◆ Stored data:
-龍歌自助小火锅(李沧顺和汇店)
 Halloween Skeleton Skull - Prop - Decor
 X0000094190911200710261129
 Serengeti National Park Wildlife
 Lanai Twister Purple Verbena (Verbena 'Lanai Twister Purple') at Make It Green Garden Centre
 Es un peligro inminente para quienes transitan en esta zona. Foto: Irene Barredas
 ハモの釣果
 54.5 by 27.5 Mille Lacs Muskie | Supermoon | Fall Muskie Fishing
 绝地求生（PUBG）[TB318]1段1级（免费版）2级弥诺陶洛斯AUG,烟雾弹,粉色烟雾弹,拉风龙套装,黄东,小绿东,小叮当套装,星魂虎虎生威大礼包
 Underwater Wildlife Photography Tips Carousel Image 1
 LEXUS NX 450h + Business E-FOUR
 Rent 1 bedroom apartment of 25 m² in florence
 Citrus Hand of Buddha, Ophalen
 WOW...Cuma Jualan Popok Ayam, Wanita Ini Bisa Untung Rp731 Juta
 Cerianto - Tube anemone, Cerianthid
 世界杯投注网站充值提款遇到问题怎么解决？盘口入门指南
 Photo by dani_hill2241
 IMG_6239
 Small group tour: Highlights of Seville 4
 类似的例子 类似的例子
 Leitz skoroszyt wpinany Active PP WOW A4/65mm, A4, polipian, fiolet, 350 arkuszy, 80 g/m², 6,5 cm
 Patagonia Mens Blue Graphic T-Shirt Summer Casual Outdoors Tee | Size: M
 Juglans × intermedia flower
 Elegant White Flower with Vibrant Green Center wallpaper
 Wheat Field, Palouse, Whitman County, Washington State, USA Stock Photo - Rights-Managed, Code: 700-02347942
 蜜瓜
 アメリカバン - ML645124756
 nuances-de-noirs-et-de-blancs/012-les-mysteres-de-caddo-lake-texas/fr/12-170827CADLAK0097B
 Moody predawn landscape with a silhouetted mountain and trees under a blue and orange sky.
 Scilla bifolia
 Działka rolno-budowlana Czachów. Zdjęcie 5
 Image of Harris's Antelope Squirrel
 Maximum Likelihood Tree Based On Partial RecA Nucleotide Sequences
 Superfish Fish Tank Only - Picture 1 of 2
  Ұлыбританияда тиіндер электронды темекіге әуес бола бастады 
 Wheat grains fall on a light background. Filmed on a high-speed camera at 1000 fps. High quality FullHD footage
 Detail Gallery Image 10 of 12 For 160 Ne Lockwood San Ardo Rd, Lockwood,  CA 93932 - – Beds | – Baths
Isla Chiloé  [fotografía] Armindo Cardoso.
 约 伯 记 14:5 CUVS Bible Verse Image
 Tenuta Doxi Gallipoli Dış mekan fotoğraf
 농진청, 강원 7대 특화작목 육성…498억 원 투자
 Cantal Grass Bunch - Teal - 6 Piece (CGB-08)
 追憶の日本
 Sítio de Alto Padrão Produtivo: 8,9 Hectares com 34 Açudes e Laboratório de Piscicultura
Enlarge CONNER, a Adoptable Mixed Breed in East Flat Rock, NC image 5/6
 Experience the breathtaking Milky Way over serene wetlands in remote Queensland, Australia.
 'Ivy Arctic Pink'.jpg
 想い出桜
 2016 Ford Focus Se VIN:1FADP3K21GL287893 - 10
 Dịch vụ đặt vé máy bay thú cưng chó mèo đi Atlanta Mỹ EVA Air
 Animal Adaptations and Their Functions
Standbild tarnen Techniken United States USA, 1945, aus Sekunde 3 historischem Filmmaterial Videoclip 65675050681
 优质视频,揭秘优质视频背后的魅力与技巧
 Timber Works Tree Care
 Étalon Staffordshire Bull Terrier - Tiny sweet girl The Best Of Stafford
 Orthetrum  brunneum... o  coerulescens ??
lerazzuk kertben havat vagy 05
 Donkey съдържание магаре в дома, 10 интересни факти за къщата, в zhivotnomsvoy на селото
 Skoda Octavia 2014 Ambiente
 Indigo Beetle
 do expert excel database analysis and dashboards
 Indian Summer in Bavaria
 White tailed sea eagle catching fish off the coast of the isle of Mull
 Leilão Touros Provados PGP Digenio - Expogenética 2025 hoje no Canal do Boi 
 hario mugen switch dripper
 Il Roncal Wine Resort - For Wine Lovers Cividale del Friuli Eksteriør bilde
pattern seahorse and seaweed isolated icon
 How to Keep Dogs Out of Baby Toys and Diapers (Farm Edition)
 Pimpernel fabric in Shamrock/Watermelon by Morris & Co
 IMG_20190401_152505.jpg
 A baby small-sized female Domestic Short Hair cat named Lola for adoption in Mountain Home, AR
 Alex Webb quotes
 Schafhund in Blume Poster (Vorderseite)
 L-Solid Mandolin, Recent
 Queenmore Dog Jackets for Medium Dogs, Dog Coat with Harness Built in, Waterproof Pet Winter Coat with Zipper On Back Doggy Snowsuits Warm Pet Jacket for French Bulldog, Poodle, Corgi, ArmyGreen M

◆ Exercise goal: Check each line of the entries above for the word "Wheat". List the ones that have it.

◆ Written solution:
 Wheat Field, Palouse, Whitman County, Washington State, USA Stock Photo - Rights-Managed, Code: 700-02347942
 Wheat grains fall on a light background. Filmed on a high-speed camera at 1000 fps. High quality FullHD footage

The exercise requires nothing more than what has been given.